O STF decidiu eliminar qualquer dúvida sobre outro ambiente em que a violência de gênero pode ocorrer: a política.

Por sugestão do ministro Flávio Dino, o Plenário incluiu expressamente na tese que a proteção contra a violência de gênero compreende a violência política.

O tribunal fez também uma delimitação de competência. Quando estiver caracterizado o fato previsto no artigo 326-B do Código Eleitoral, a competência será da Justiça Eleitoral.

O dispositivo criminaliza determinadas condutas destinadas a assediar, constranger, humilhar, perseguir ou ameaçar candidata a cargo eletivo ou detentora de mandato eletivo, utilizando menosprezo ou discriminação à condição de mulher ou à sua cor, raça ou etnia, com a finalidade de impedir ou dificultar sua campanha eleitoral ou o desempenho de seu mandato.

Assim, a decisão do STF conecta dois sistemas de proteção: as medidas protetivas de urgência previstas na Lei Maria da Penha e a legislação específica sobre violência política contra a mulher.

É sempre necessário esperar pelo juiz?

Outro ponto incorporado à tese diz respeito às situações de urgência nas quais a proteção pode ser adotada antes de uma decisão judicial.

O STF reafirmou o entendimento da ADI 6.138, julgamento anterior em que o tribunal analisou dispositivos da Lei Maria da Penha que autorizam, em determinadas circunstâncias, a concessão de medida protetiva por delegado de polícia ou policial.

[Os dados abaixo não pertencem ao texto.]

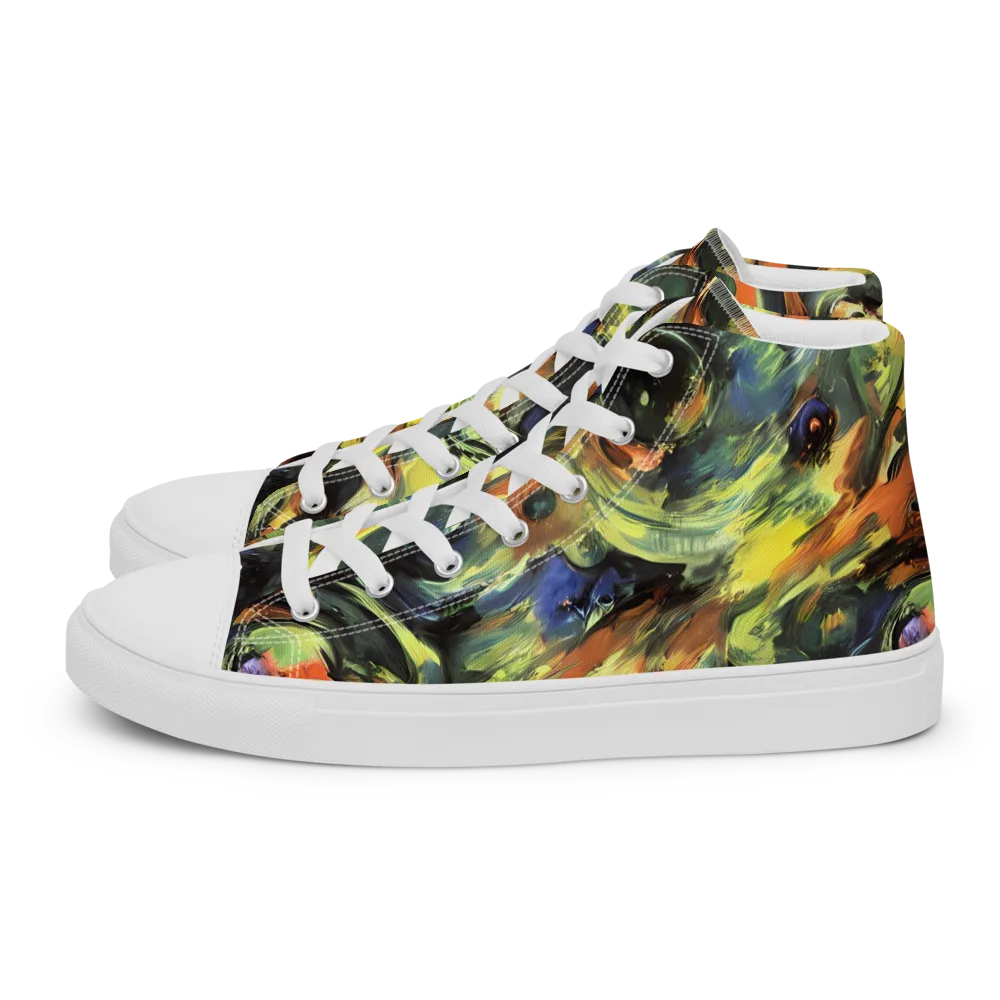 Seve Swirl on Men's High Top Canvas Shoes — Left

A possibilidade não é irrestrita.

A Lei Maria da Penha estabelece hipóteses específicas para o afastamento imediato do agressor do lar, domicílio ou local de convivência com a vítima quando houver risco atual ou iminente à vida ou à integridade física ou psicológica da mulher ou de seus dependentes.

A atuação policial é admitida nas condições previstas pela legislação, com posterior controle judicial.

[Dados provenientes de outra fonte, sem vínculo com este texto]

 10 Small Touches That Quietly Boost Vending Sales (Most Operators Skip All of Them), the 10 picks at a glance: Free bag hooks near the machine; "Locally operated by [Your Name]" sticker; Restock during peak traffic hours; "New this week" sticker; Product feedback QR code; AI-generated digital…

Ao incluir expressamente esse entendimento no Tema 1.412, o STF reforçou que a ampliação da proteção para outras situações de violência de gênero também deve considerar mecanismos destinados a responder a situações urgentes.

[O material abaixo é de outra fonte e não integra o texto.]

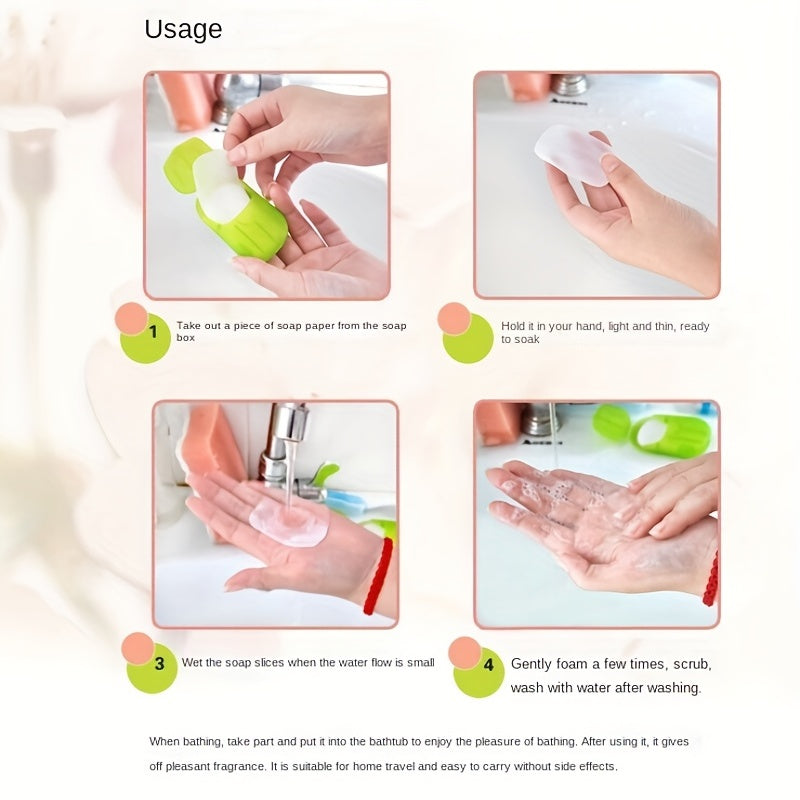 20pcs Portable Hand Washing Soap Paper for Outdoor Travel and Camping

Uma mudança que ocorre 20 anos depois da Lei Maria da Penha

O julgamento acontece no mês em que a Lei Maria da Penha completou 20 anos.

Durante a sessão, a ministra Cármen Lúcia relacionou o feminicídio e outras formas de violência contra as mulheres às relações de poder e manifestou preocupação com a persistência desse tipo de violência duas décadas depois da criação da legislação.

A mudança promovida pelo Supremo também mostra como a interpretação da própria lei continua em construção.

A Lei 11.340/2006 foi estruturada especialmente em torno da violência doméstica e familiar contra a mulher. Vinte anos depois, o STF concluiu que os instrumentos emergenciais de proteção não podem ficar limitados a esses espaços quando a ameaça decorre de violência baseada no gênero.

Com repercussão geral, a decisão não fica restrita à mulher envolvida no processo de Minas Gerais. A tese do Tema 1.412 deverá ser observada pelo Judiciário nos demais processos semelhantes.